The benefit of a USD wallet on Coinbase is that you can put money in that and then buy coins instantly from the wallet. If you try to buy directly with your bank account, the transaction can take about a week. A credit card doesn’t have this problem, but limits are usually lower on a credit card. TIP: I almost always deposit USD in my wallet as opposed to buying coins directly from Coinbase via my bank account when using Coinbase to buy (I do this on-the-go sometimes). You can also wire money if you need the funds to be in the wallet faster. On that note, I almost always then use GDAX to buy/sell coins when I’m on a desktop (then use Coinbase as my wallet and mobile app).

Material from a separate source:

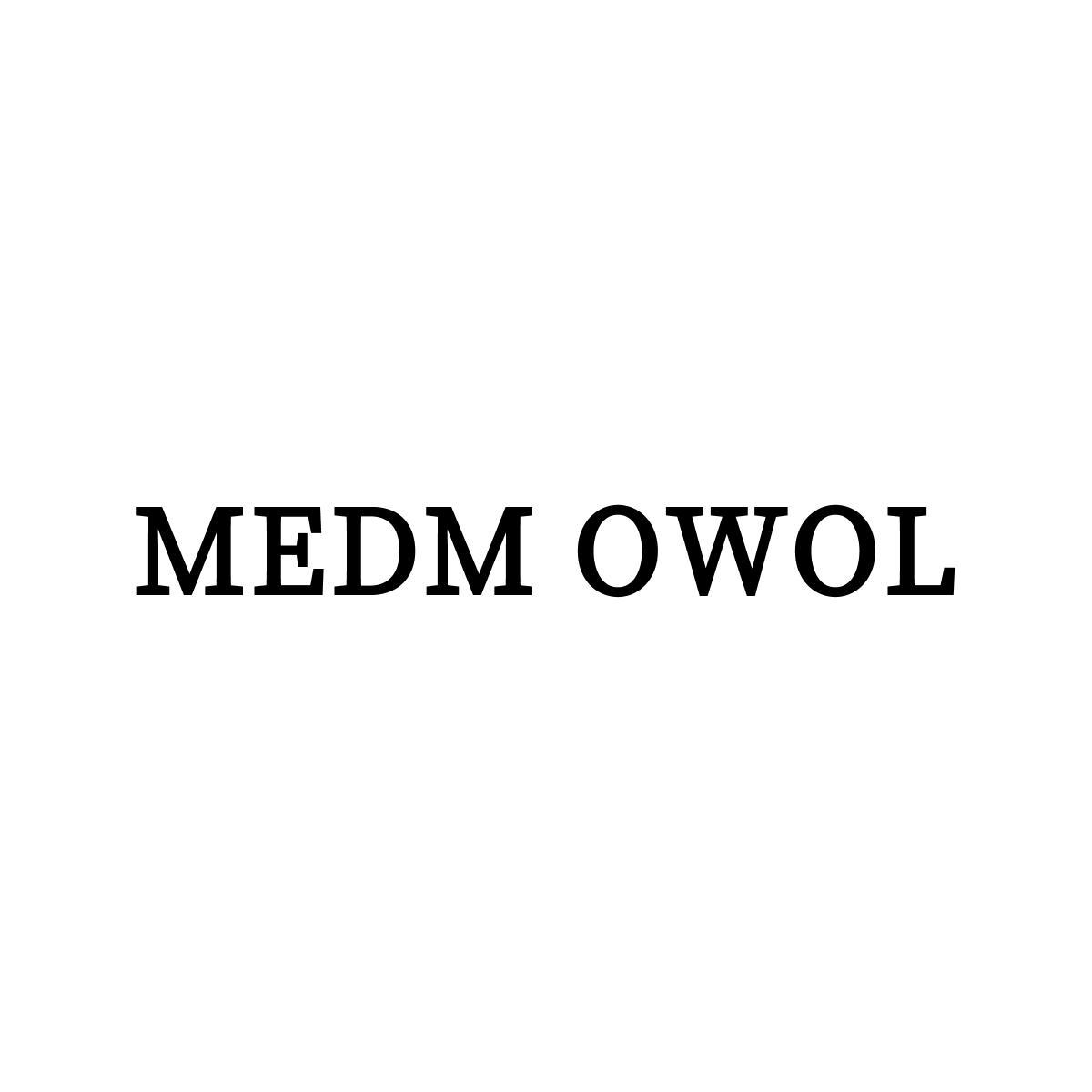 25类-服装鞋帽MEDM OWOL商标转让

Only invest what you can lose. During the recent crash in January 2018, hobby-investors got burned. Reports of frustration and losses came at the cost of broken monitors, smashed laptops, and heavy monetary losses. While the rules are in more particular order of importance, it’s safe to assume that this is the most important rule, the rule to rule the rules. As soon as your money is converted into cryptocurrency, consider it lost forever. There is absolutely no guarantee you can get it back. Losses don’t simply come from dips in the market; extraordinary factors such as hacks, bugs, and government regulation can mean you’ll never see any of your money again. If you are investing money you can’t afford to lose, you need to take a step back and re-evaluate your current financial situation, because what you’re about to do is an act of desperation. This includes: using credit cards, taking out mortgages, applying for loans, or selling everything and traveling the world (as glamorous as that sounds).